🧠 Overview
The Image Generator is a web-based application that allows users to generate custom images using text or voice prompts. It utilizes AWS services such as Amazon Bedrock's Nova Canvas model for image generation and AWS Transcribe for converting voice input into text. The application has a React + HTML/CSS frontend, a FastAPI backend hosted on an EC2 instance, and uses Amazon S3 for image storage.
🎥 Image Showcase
Check out these cool images the web-based application generated using Amazon Nova Canvas:
🎥 Demo Video
Want to see it in action?
👉 Watch the full working demo of the Image Generator
✨ Amazon Nova Canvas Model - Why and How I Used It
The Amazon Nova Canvas model was chosen for its:
- ✨ Photorealistic image generation capabilities.
- ⏱ Low-latency inference through Amazon Bedrock.
- 🧠 Structured prompt compatibility, allowing controlled and formatted input.
- 🔌 Seamless API integration with Bedrock, reducing the need for infrastructure management.

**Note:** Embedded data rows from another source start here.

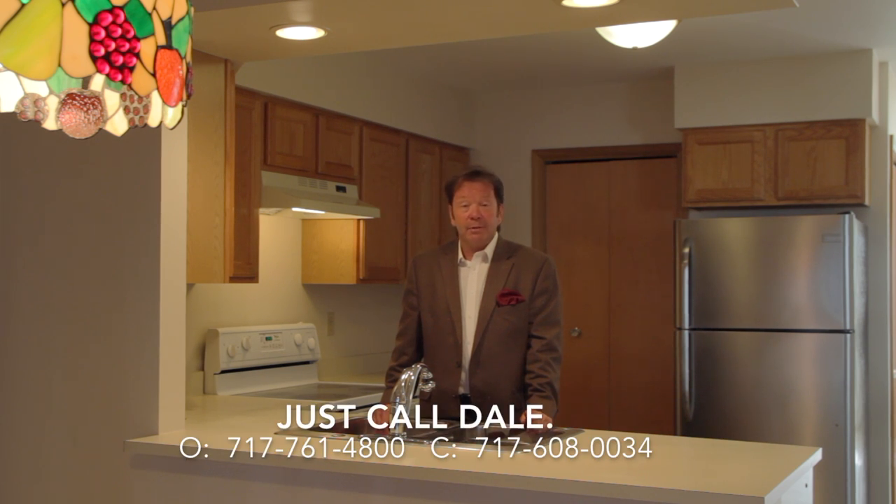You can reach us anytime at 717-761-4800 at the office, or my cell phone, 717-608-0034. Thank you for watching our viral video tour of 30 Nathan Drive. I'm Dale Stipe — have a great day.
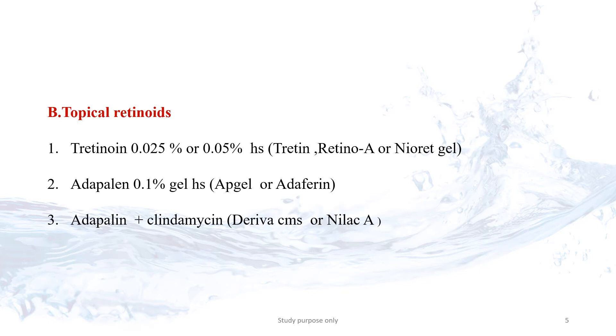The second choice is Topical Retinoids. It is not suitable for pregnant ladies and breastfeeding women. Tretinoin is another form of Vitamin A. It can control the production of oil and also clear off dead cells. We can start the cream at low concentration at night. Duration of treatment is 8 to 12 weeks. It is not suitable for everyone.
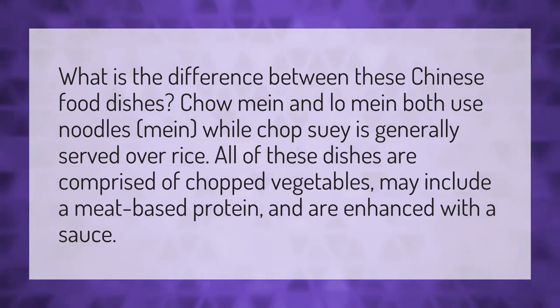What is the difference between these Chinese food dishes? Chow mein and lo mein both use noodles, while chop suey is generally served over rice. All of these dishes are comprised of chopped vegetables, may include a meat-based protein, and are enhanced with a sauce.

How I Used It (Technical Execution)
I have used the model via the Bedrock API by sending a structured message payload. Here’s how:
- I have structured the input like a conversation, as expected by Nova Canvas.
- The following is the core FastAPI code (main.py) that handles prompt input, connects to Amazon Bedrock, and returns the generated image:
from fastapi import FastAPI, Form, UploadFile, File
from fastapi.responses import StreamingResponse, JSONResponse
from fastapi.middleware.cors import CORSMiddleware
from io import BytesIO
import boto3
import base64
import json
import os
import time
app = FastAPI()
app.add_middleware(
CORSMiddleware,
allow_origins=["*"],
allow_credentials=True,
allow_methods=["*"],
allow_headers=["*"],
)
# Clients
s3_client = boto3.client("s3")
transcribe_client = boto3.client("transcribe")

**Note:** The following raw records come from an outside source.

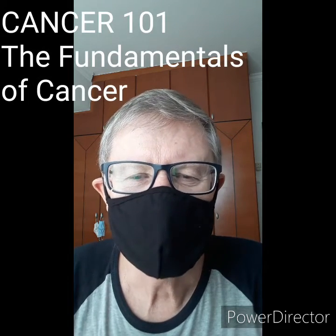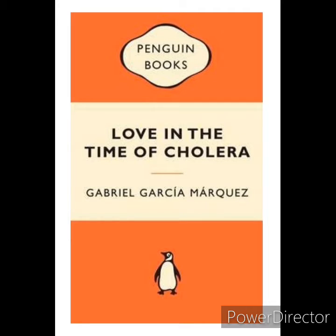Today let's talk about testing in this time of coronavirus. I like to say it that way instead of 'in the time of the coronavirus' because it reminds me of Gabriel Garcia Marquez's book, Love in the Time of Cholera.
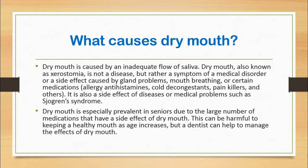It is also a side effect of diseases or medical problems such as Sjögren's syndrome. Sjögren's syndrome is an immune system disorder characterized by dry eyes and dry mouth. With this disorder, the body's immune system attacks its own healthy cells that produce saliva and tears.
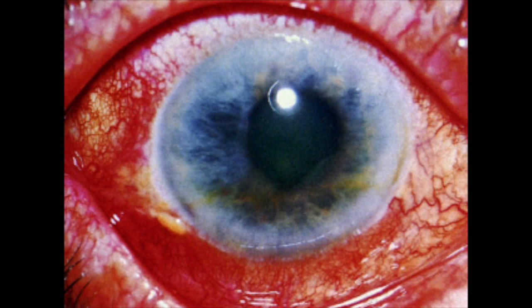Here you can see an acute angle closure glaucoma. The conjunctival vessels are dilated, especially near the cornea, which has caused that ciliary flush, and the cornea is slightly hazy. This is a fixed pupil, and usually these patients come in with a sudden onset of these findings.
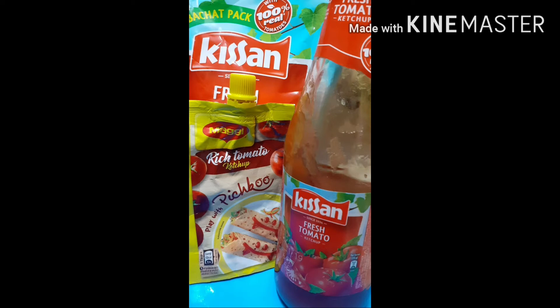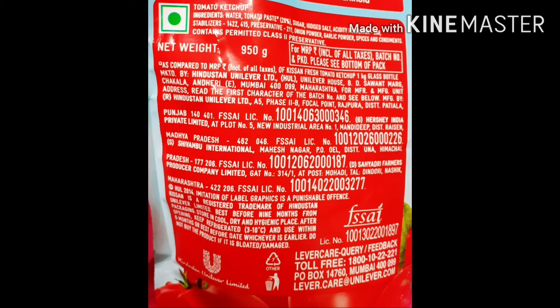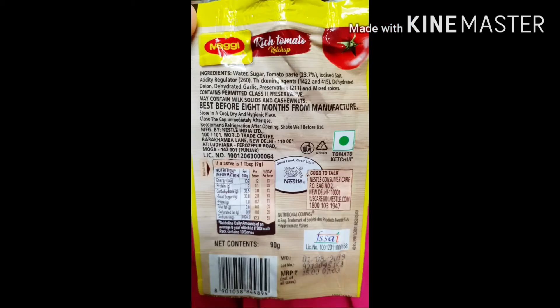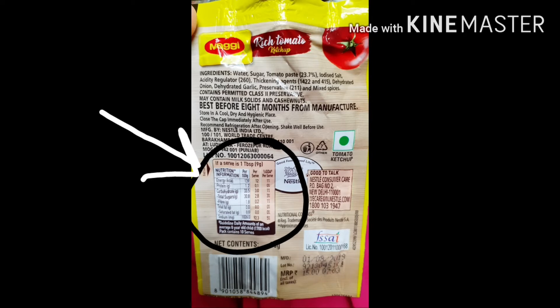Packaging plays a major role in the success or failure of sales of any product. Labels on the food can be used to attract potential buyers. It also plays a key role as consumers are now more concerned about their health. Labels provide important details such as list of ingredients, net weight, batch number, manufacturer details, details of added preservatives — in this case it contains permitted class 2 preservatives — along with FSSAI license number and nutrition labeling details such as energy, protein, carbs, sugar, dietary fiber, fat, saturated fat, trans fat, and sodium content.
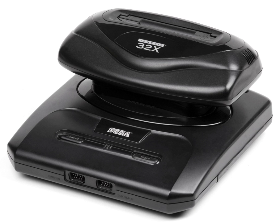Independent of the Genesis, the 32X used its own ROM cartridges and had its own library of games. A total of 40 titles were produced worldwide — 6 NTSC, 27 PAL, 18 JP, and 1 game exclusive to Brazil — including 6 that required both the 32X and Sega CD add-ons.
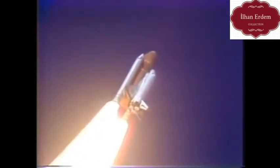Engines beginning throttling down now at 94%. Normal throttle for most of the flight is 104%. We'll throttle down to 65% shortly. Engines at 65%, three engines running normally. Three good fuel cells, three good APUs. Velocity 2,257 feet per second, altitude 4.3 nautical miles, downrange distance 3 nautical miles.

bedrock_client = boto3.client("bedrock-runtime", region_name="us-east-1")
# S3 bucket
BUCKET_NAME = "bedrock-video-generation-us-east-1-6jywv6"
@app.post("/generate")
async def generate_wallpaper(prompt: str = Form(...)):
body = {
"messages": [
{
"role": "user",
"content": [{"text": prompt}]
}
]
}
try:
response = bedrock_client.invoke_model(
modelId="amazon.nova-canvas-v1:0",
contentType="application/json",
accept="application/json",
body=json.dumps(body)
)
response_body = json.loads(response["body"].read())
base64_image = response_body["output"]["message"]["content"][0]["image"]["source"]["bytes"]
# Save and return image
output_path = "output_wallpaper.png"
with open(output_path, "wb") as f:
f.write(base64.b64decode(base64_image))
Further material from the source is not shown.